Experts: Population health needs to address mental health
On the rise: depression, anxiety, substance use
EXECUTIVE SUMMARY
White, middle-aged Americans have an increasing mortality rate due to behavioral and mental health issues, demonstrating the need for population health to address behavioral health.
- • Case managers can treat the whole person, including behavioral health problems.
- • A first step is to have a positive attitude about identifying mental health issues.
- • Although finding mental and behavioral health treatment services is challenging, it’s a task at which CMs can succeed.
Researchers recently made a startling discovery: White, middle-aged Americans have a higher mortality rate now than they have in previous generations. This group includes non-Hispanic men and women between 1999 and 2013. The study found that their rising death rate could be largely accounted for by drug and alcohol poisonings, suicide, chronic liver diseases, and cirrhosis.1
For case managers and others who work with this population, the findings confirm their anecdotal evidence that behavioral and mental health issues are a major comorbidity with middle-aged and older patients.
“We need population health that focuses on the whole person and the multiple complexities the person might have,” says Monica Cooke, MA, RNC, CPHQ, CPHRM, FASHRM, chief executive officer of Quality Plus Solutions in Annapolis, MD.
These complexities include depression, anxiety, substance use, and other behavioral-mental health issues, she adds.
“We refer to it as complex case management,” says Cheri Lattimer, RN, BSN, executive director of the Case Management Society of America in Little Rock, AR.
Case managers treat the whole person, and this includes behavioral health, she adds.
“I know of no patients who say, ‘I’m here for my medical,’ or ‘I’m here for my behavioral.’”
Patients often are dealing with depression, and that has to be part of the equation, she says.
Addressing behavioral health is a challenge for case managers because community resources are few and far between, Cooke notes.
“It will be many years before we as a nation build up the behavioral and mental health services this society needs,” she adds. “Nothing will change dramatically in the next 10 years, but if we center help around the population, then we need to include behavioral health.”
Case managers need to do a little research to find the community resources that patients might need and then link them to the service, Cooke suggests.
A first step is to acknowledge the effect and importance of behavioral healthcare, she says.
Patients who receive treatment for mental health and substance use issues will become healthier and feel better, Cooke says.
When CMs have a positive attitude about behavioral health services, so will their patients, she notes.
“Case managers’ role is to link a person to these services and to get them the levels of care they need,” she says.
True, it’s an additional workload for CMs, and there is no easy access to behavioral health services, so it will require multiple phone calls, Cooke says.
“It’s not like scheduling an eye exam — it’s not that simple,” she adds.

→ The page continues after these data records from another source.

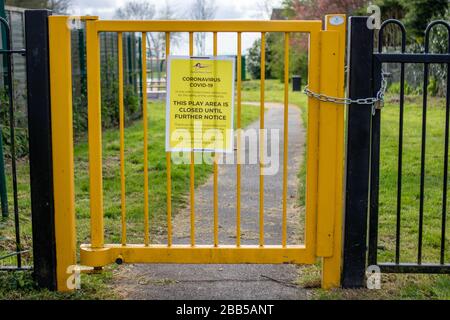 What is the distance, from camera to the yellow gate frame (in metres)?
4.25

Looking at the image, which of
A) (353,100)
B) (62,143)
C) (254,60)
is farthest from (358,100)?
(254,60)

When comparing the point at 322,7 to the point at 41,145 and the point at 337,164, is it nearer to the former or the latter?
the point at 337,164

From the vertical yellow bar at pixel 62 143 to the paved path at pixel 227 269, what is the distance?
17.9 inches

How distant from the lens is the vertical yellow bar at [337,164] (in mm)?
4258

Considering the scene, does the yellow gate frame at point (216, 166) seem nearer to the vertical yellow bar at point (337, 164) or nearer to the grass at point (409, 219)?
the vertical yellow bar at point (337, 164)

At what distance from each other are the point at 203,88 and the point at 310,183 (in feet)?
3.09

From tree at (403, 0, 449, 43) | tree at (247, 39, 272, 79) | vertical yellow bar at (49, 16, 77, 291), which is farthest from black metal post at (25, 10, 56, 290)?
tree at (247, 39, 272, 79)

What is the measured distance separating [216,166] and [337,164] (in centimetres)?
79

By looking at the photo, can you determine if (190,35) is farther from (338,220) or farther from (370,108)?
(338,220)

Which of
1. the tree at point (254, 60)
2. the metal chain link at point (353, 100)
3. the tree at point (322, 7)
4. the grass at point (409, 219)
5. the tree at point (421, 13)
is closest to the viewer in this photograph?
the metal chain link at point (353, 100)

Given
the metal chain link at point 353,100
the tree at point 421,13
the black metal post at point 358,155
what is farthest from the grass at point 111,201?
the tree at point 421,13

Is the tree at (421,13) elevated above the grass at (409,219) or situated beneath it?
elevated above

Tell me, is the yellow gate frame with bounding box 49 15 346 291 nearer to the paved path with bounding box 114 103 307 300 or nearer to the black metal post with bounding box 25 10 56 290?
the black metal post with bounding box 25 10 56 290

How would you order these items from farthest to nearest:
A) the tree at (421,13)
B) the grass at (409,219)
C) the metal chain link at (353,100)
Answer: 1. the tree at (421,13)
2. the grass at (409,219)
3. the metal chain link at (353,100) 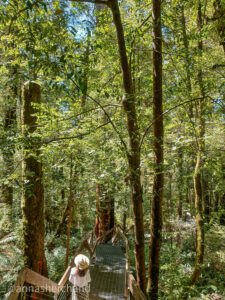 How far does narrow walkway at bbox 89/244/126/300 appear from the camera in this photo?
576 cm

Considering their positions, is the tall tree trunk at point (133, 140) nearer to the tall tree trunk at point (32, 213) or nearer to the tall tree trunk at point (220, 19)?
the tall tree trunk at point (220, 19)

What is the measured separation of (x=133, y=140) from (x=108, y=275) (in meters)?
5.77

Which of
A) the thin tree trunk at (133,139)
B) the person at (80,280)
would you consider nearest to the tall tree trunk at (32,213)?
the person at (80,280)

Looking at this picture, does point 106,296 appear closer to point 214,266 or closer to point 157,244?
point 157,244

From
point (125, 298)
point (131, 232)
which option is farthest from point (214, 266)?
point (131, 232)

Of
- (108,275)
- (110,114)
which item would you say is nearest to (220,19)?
(110,114)

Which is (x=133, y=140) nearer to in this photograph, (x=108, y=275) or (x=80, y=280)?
(x=80, y=280)

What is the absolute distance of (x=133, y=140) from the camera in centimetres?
368

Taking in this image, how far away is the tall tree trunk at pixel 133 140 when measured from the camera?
11.1ft

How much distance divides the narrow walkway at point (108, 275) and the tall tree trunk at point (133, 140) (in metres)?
2.42

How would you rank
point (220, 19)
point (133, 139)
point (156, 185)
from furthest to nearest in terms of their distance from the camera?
1. point (156, 185)
2. point (220, 19)
3. point (133, 139)

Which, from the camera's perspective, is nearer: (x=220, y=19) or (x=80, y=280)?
(x=220, y=19)

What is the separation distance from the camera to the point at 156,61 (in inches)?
156

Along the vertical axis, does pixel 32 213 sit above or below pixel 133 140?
below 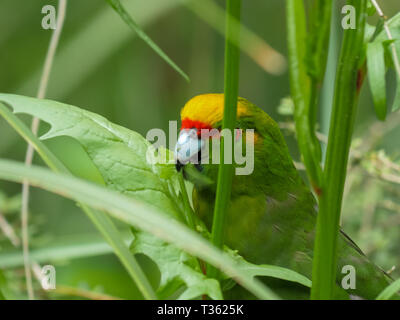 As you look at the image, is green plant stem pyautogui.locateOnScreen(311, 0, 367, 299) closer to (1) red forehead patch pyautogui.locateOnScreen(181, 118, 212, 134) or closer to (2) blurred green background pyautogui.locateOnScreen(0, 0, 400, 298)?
(1) red forehead patch pyautogui.locateOnScreen(181, 118, 212, 134)

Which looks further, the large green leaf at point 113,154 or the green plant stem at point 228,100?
the large green leaf at point 113,154

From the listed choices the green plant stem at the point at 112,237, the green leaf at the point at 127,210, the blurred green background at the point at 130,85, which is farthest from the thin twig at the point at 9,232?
the green leaf at the point at 127,210

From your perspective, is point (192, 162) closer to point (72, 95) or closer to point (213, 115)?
point (213, 115)

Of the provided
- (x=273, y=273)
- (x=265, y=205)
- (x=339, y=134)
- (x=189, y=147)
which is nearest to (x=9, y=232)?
(x=189, y=147)

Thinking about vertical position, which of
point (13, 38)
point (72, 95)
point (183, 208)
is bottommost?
point (183, 208)

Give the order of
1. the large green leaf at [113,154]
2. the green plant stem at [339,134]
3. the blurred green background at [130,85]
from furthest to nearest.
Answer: the blurred green background at [130,85], the large green leaf at [113,154], the green plant stem at [339,134]

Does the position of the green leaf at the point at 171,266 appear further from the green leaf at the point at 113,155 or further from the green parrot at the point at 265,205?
the green parrot at the point at 265,205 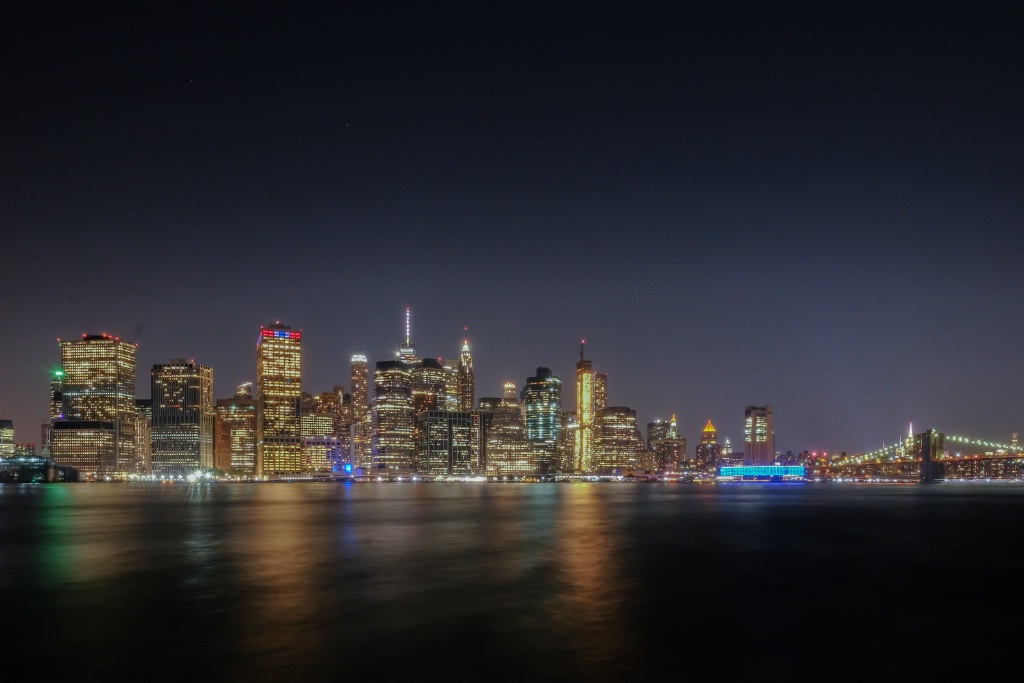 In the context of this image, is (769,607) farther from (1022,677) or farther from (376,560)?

About one out of four inpatient community hospitals in the U.S. has an inpatient psychiatric unit, Cooke notes.
This suggests a needs gap as research has shown that people with comorbid medical and mental health diagnoses are admitted to the hospital from the emergency department at twice the rate of patients who do not have a mental health diagnosis.2
This gap in need versus availability of services creates a situation where many psychiatric services and beds are limited and often have long waiting lists.
“And then they have to convince the person to accept the care because no one wants to think they’re depressed or have an anxiety disorder or are psychotic,” Cooke says.
Patients with a comorbid psychiatric condition can be a lot of work for a case manager who likely already has a huge caseload, but the need for CM services is there, Cooke says.
Case managers need to facilitate mental healthcare and evaluate every patient for a mental health comorbidity, she adds. “There are plenty of tools out there to screen patients and ask questions and see where they are in terms of mental health.”
REFERENCES
- Case A, Deaton A. Rising morbidity and mortality in midlife among white non-Hispanic Americans in the 21st century. Proc Natl Acad Sci. 2015, Nov. 2. Epub ahead of print.
- Emergency department visits by patients with mental health disorders — North Carolina, 2008-2010. MMWR. June 14, 2013;62(23):469-472.
White, middle-aged Americans have an increasing mortality rate due to behavioral and mental health issues, demonstrating the need for population health to address behavioral health.